*The data*:
▼

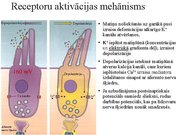 Presentations 'Kustību un pozas regulācija', 28.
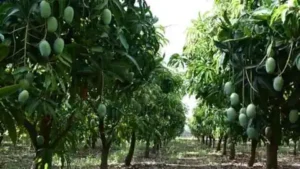 mango_1682421735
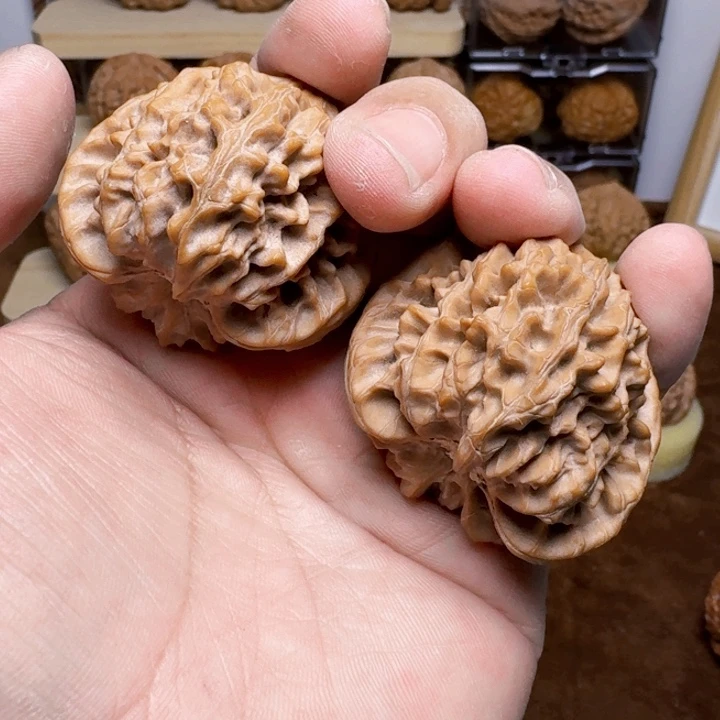 南瓜墩手把件麻核桃45边肚高同尺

▲

*Directions*: Drop every picture from the data, then output all the rest exactly.

*Final answer*:
 Presentations 'Kustību un pozas regulācija', 28.
 mango_1682421735
 南瓜墩手把件麻核桃45边肚高同尺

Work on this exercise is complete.